Solving Treg Differentiation Questions with -1 Power

[Mspike6]

I got 2 questions

First:
y= Cos³(5x²-6)

Solution :
Y' = 3cos²(5x²-6)(-sin(5x²-6))(10x)
y'= 30xCos²(5x²-6)(-sin(5x²-6))

Is the correct ?


Second
Y=3sin⁴(2-x)^-1

I don't understand what do i have to do with the -1 (the power to the bracket )
so i add it to the 4 (the power of sin ) ?

am not sure


Any help is appreciated

 

[rl.bhat]

(2-x)^-1 = 1/(2-x) = u. So y = 3*sin^4(u)
Now what is the derivative of 1/(2-x)?

 

[HallsofIvy]

I got 2 questions

First:
y= Cos³(5x²-6)

Solution :
Y' = 3cos²(5x²-6)(-sin(5x²-6))(10x)
y'= 30xCos²(5x²-6)(-sin(5x²-6))

Is the correct ?

Yes, that is correct.

Second
Y=3sin⁴(2-x)^-1

I don't understand what do i have to do with the -1 (the power to the bracket )
so i add it to the 4 (the power of sin ) ?

am not sure


Any help is appreciated

That's a very peculiar notation.

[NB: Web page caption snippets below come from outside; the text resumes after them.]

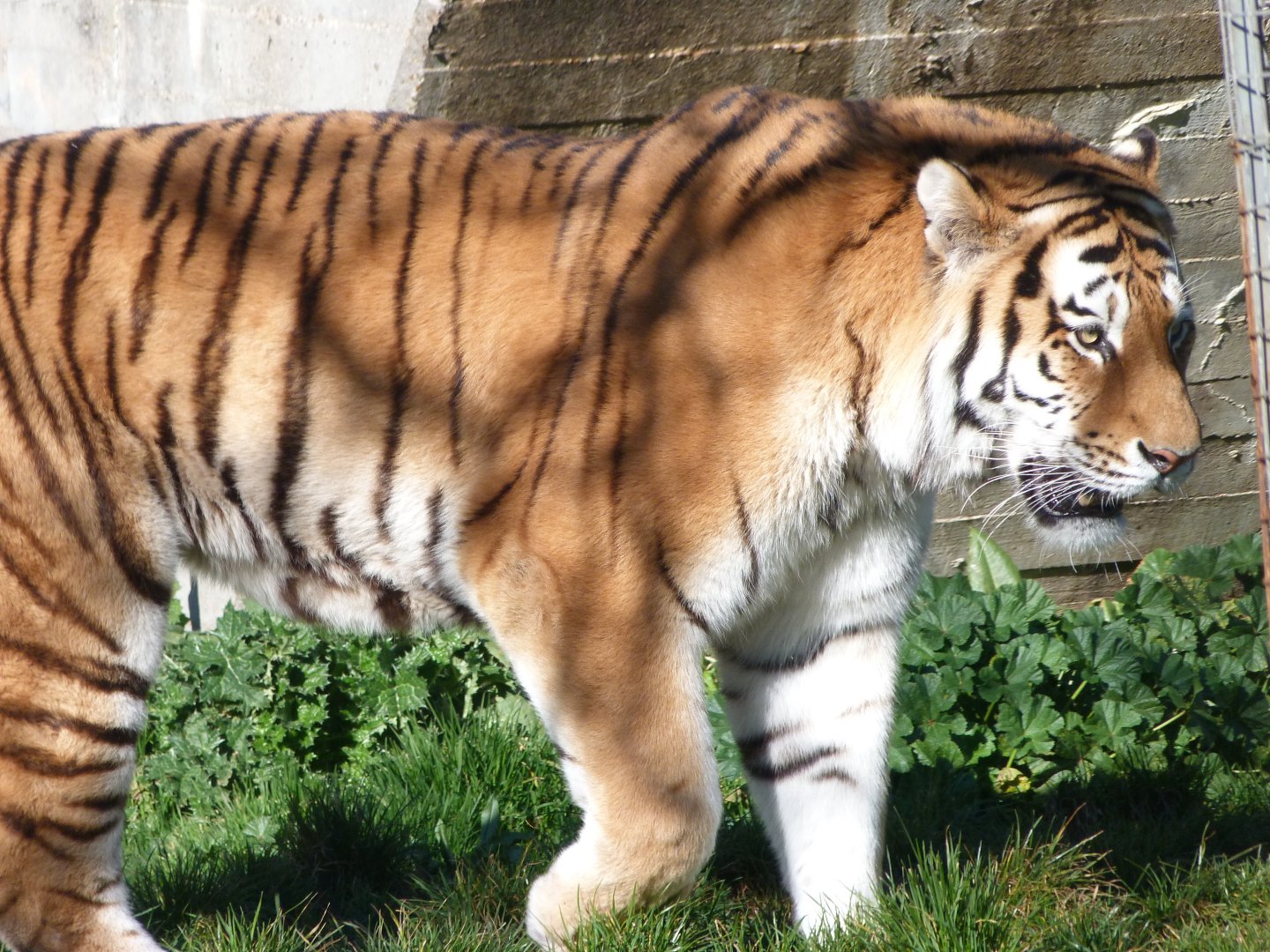 Amur tiger -Zoo Aquarium de Madrid (2025)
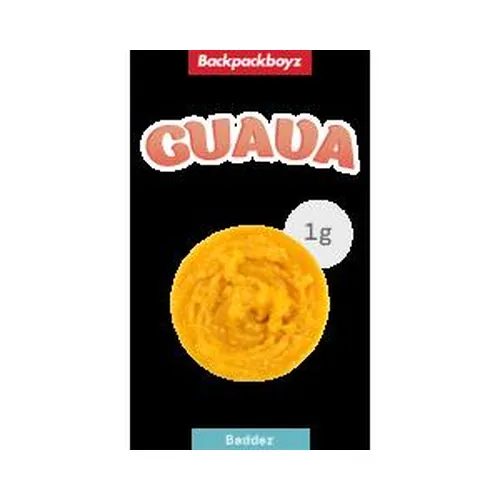 Live Resin Badder 1G - Guava by Backpack Boyz - 1.000g Badder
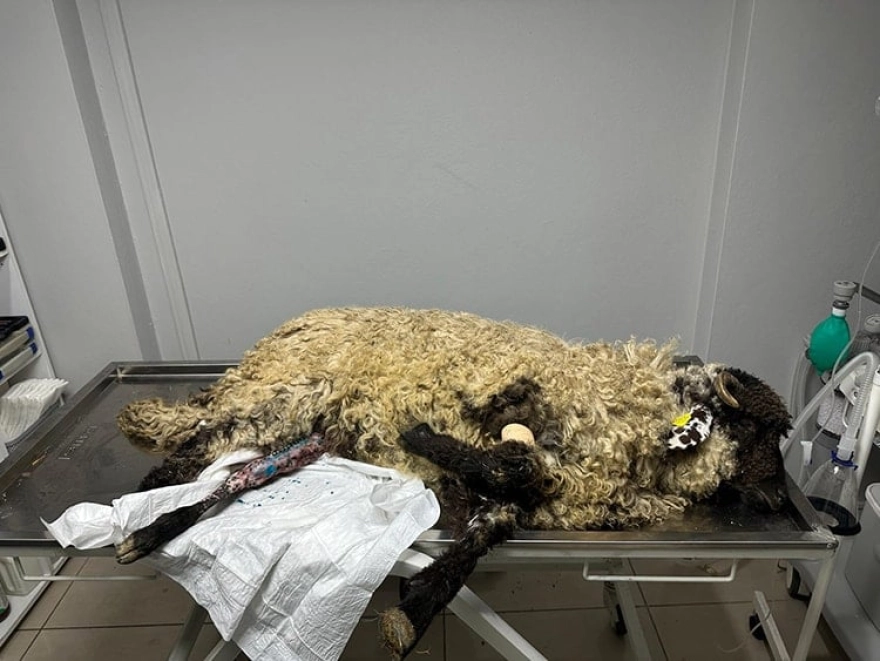 Ayağı kırılan kuzuya platin taktıran besiciden dikkat çeken açıklama: 'Satmayı düşünmüyoruz'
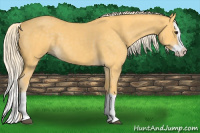 Horse Color:Palomino Splash 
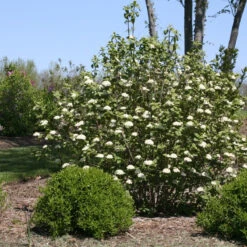 Red Balloon® Lantanaphyllum Viburnum -Plant Series Viburnum Red Balloon 2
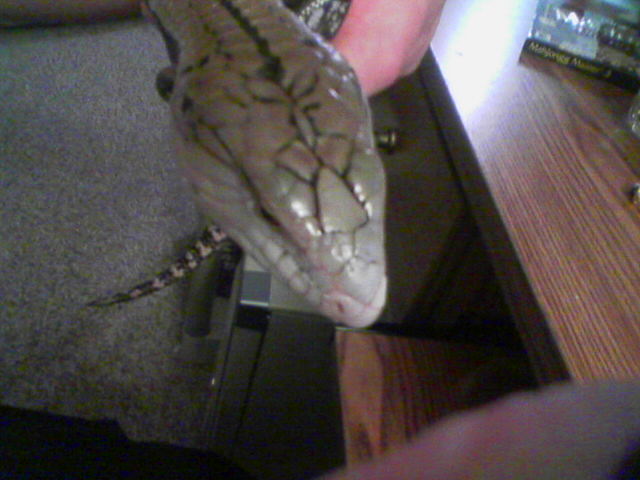 Indy the blue tongue skink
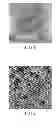 Fig. 02 - Organic compound and organic electroluminescent device employing the same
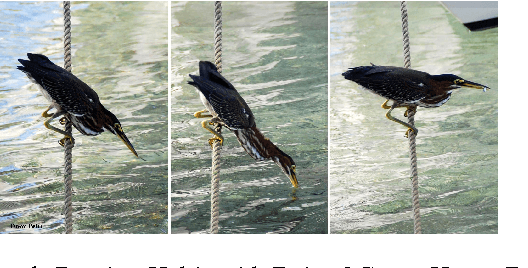 Figure 1 for Green Heron Swarm Optimization Algorithm - State-of-the-Art of a New Nature Inspired Discrete Meta-Heuristics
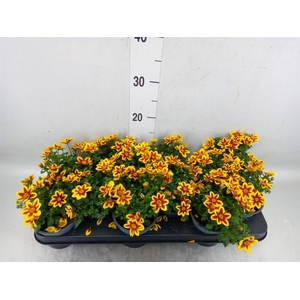 Bidens  'Summerlovers Shooting Sta'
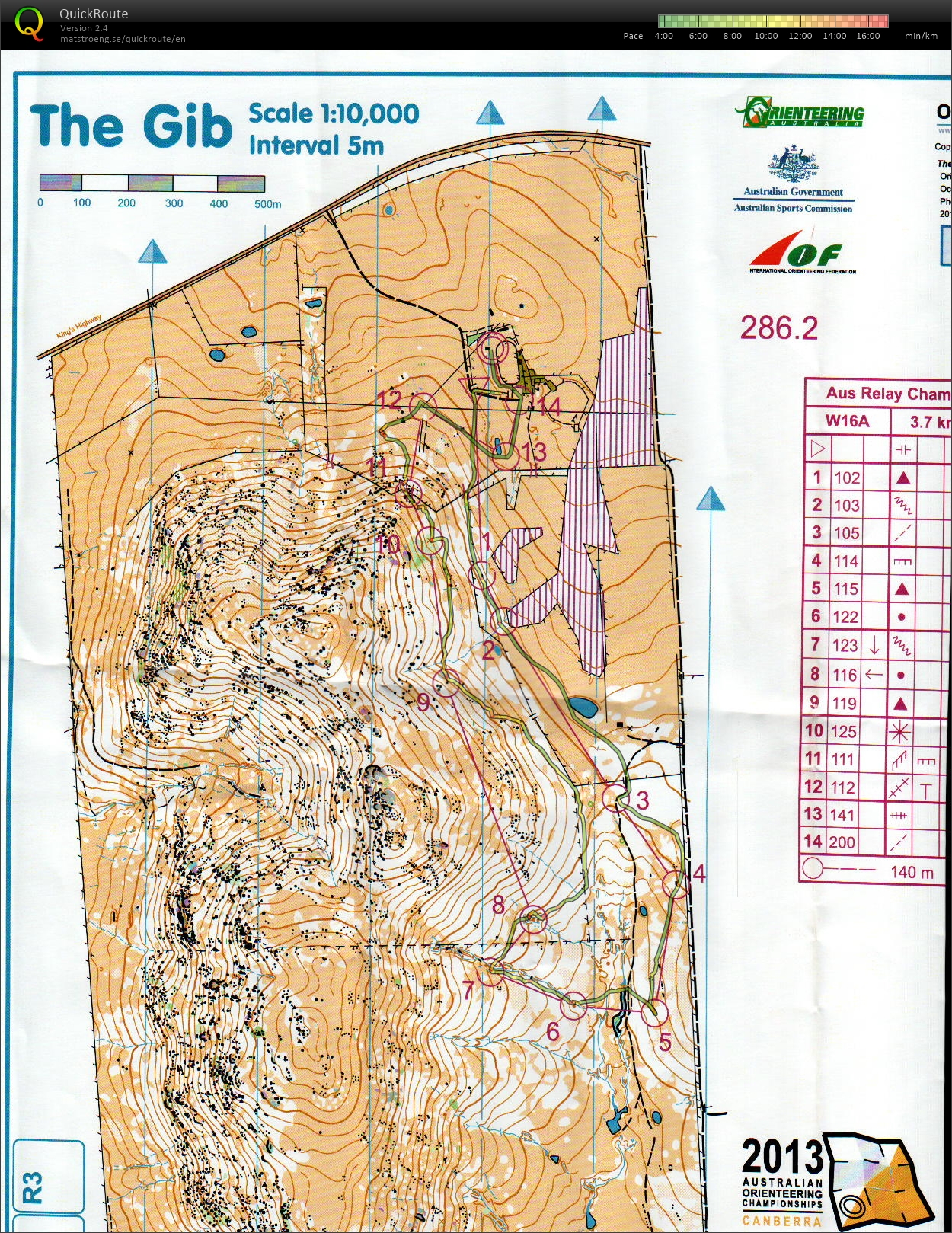 Australian Relay Championships (06/10/2013)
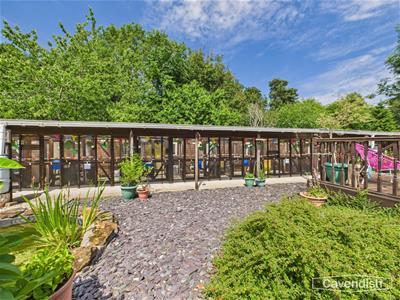 CATTERY 13 ROOMS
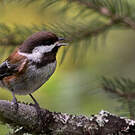 Mésange à dos marron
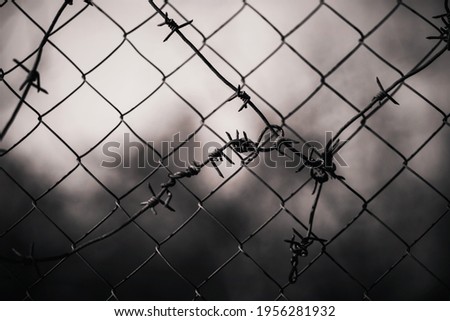 Old barbed wire is tangled on a chain-link fence that stands against a dark, overcast sky. Prison sentence. Restriction of freedom. Wartime.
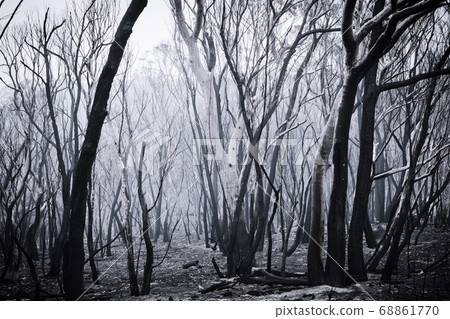 Forest burnt by bushfire in The Blue Mountains in regional New South Wales in Australia Forest burnt by bushfire in The Blue Mountains in regional New South Wales in Australia 68861770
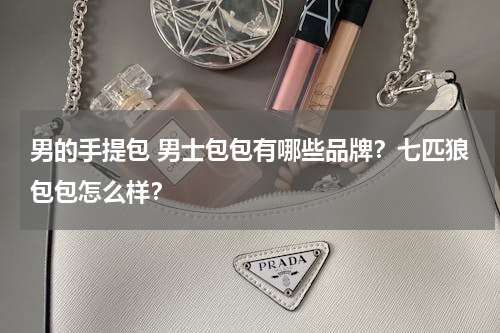男的手提包 男士包包有哪些品牌？七匹狼包包怎么样？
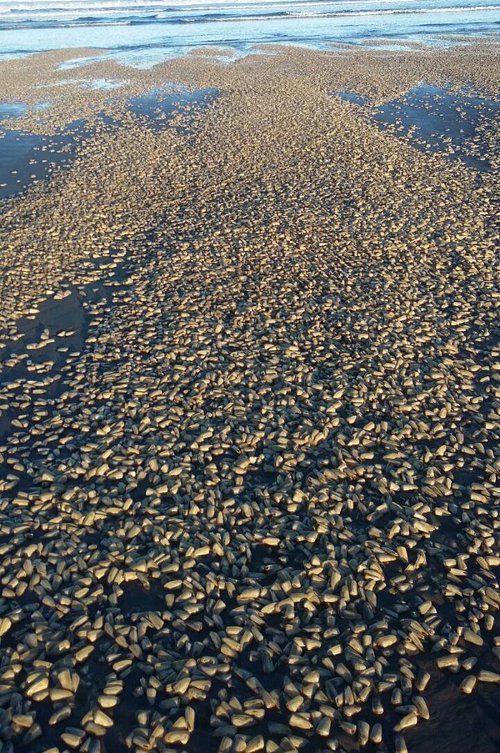 Picture 2 of Clam died massively covering Chile's beach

It would be better with an additional pair of parentheses:
Y= 3 sin^2((2-x)^{-1})
That is, it is the (2- x) that is taken to the -1 power, not "sin".

 

[Mspike6]

Thankv you guys

So it will be

y' = 12 sin³[(2-x)^-1] Cos[(2-x)^-1](-1)(2-x)^-2(-1)

right?